Based on the obtained results, we would like to propose several public health recommendations: firstly, the government should establish rehabilitation quality control centers in the three-tier health system, secondary hospitals, and rehabilitation institutions, emphasizing the necessity to meet the needs of married people, those with low income, and the uninsured population in the community. Secondly, this study might serve as a valuable reference for the Community-Based Rehabilitation Committee of the Chengdu Society of Rehabilitation Medicine (a folk medicine organization) for its work in community rehabilitation. Thirdly, the reported data highlight the vulnerabilities of uninsured people, encouraging Chengdu Human Resource and Social Security Bureau to address these concerns.

Despite the aforementioned contributions, the current study has several limitations. First, the sample was not representative, considering the sampling was randomized in the three Qingyang District communities. The demographics of this city’s middle-aged and older population require further investigation. Nonetheless, this kind of community differentiation was used in previous studies32. Future studies should address these two demographic design flaws to provide a complete idea of the rehabilitation needs of older adults in Chengdu.

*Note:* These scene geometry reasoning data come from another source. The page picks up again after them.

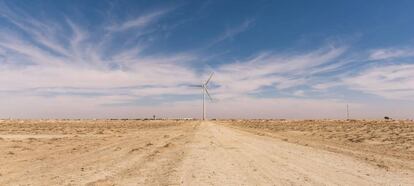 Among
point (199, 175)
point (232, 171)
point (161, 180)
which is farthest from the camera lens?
point (232, 171)

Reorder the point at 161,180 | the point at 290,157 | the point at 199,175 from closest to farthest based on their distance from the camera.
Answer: the point at 161,180
the point at 199,175
the point at 290,157

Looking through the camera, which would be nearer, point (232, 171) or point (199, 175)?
point (199, 175)

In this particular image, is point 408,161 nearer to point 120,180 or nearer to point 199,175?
point 199,175

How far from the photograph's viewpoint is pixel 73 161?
2023 centimetres

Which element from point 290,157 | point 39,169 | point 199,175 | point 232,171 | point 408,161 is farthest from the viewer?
point 290,157

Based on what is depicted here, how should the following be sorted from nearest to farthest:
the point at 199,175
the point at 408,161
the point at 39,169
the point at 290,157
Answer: the point at 199,175
the point at 39,169
the point at 408,161
the point at 290,157

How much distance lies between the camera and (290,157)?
21.2m

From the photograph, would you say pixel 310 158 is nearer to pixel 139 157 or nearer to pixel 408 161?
pixel 408 161

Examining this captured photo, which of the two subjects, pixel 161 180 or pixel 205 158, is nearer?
pixel 161 180

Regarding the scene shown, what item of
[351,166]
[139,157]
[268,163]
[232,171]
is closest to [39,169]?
[139,157]

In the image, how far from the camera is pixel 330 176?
14.8 meters

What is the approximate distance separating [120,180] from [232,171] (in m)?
4.30

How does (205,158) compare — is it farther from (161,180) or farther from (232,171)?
(161,180)

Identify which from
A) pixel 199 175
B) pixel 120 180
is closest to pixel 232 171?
pixel 199 175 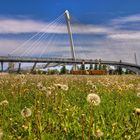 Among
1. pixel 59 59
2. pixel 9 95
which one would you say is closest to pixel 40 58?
pixel 59 59

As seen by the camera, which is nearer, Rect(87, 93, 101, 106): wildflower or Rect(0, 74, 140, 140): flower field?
Rect(87, 93, 101, 106): wildflower

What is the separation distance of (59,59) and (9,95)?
114m

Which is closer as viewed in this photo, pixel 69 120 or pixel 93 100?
pixel 93 100

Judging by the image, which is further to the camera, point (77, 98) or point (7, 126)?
point (77, 98)

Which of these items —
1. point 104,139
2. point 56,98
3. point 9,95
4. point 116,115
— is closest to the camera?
point 104,139

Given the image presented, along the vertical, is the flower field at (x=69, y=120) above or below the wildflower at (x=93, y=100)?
below

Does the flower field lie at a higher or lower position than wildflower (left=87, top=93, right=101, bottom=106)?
lower

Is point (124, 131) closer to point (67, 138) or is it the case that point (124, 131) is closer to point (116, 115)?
point (67, 138)

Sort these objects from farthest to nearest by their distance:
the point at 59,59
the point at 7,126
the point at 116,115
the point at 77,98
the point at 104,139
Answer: the point at 59,59
the point at 77,98
the point at 116,115
the point at 7,126
the point at 104,139

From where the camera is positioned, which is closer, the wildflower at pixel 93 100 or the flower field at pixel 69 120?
the wildflower at pixel 93 100

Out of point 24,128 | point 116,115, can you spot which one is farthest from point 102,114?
point 24,128

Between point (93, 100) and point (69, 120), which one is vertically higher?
point (93, 100)

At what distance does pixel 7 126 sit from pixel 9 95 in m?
4.43

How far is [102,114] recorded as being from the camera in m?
8.12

Second, we examined fewer rehabilitation service types compared to previous studies in developed countries40,41. For example, we did not test unmet needs for physical therapy, occupational therapy, physiotherapy, traditional or basic rehabilitation, speech, swallowing, or psychological rehabilitation. Third, some social and financial factors were not tested. For example, a previous study in Nepal found that mountain geography, poor road infrastructure, and inconveniences influenced access to community rehabilitation services42. All our respondents were residents of urban Chengdu, located on the Chengdu Plain, where the altitude varies by no more than five meters. However, additional social and financial factors should be analyzed. Fourth, the rehabilitation service project implementers might have biased the research results43, which we did not control in this study. Finally, using established questions to assess rehabilitation service needs provides only general information. Future studies employing qualitative methods to understand better the needs for rehabilitation services and individual expectations for rehabilitation are required.

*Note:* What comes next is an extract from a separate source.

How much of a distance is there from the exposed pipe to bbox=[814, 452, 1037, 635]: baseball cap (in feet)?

However, although similar studies have used different methods in other populations44, we administered questionnaires in person, considering that such an approach has been identified as the optimal approach in epidemiological research45.

Conclusion

This study found that > 75% of residents had unmet needs for rehabilitation, including medical rehabilitation, daily care, social participation, and recreational therapeutic activities, while < 30% were in need of auxiliary equipment. Marital status, financial factors, and medical insurance affected the respondents’ rehabilitation service needs. Rehabilitation programs should target these vulnerable groups and acknowledge that the lack of auxiliary equipment for older adults and individuals with disabilities is a major problem in current rehabilitation efforts.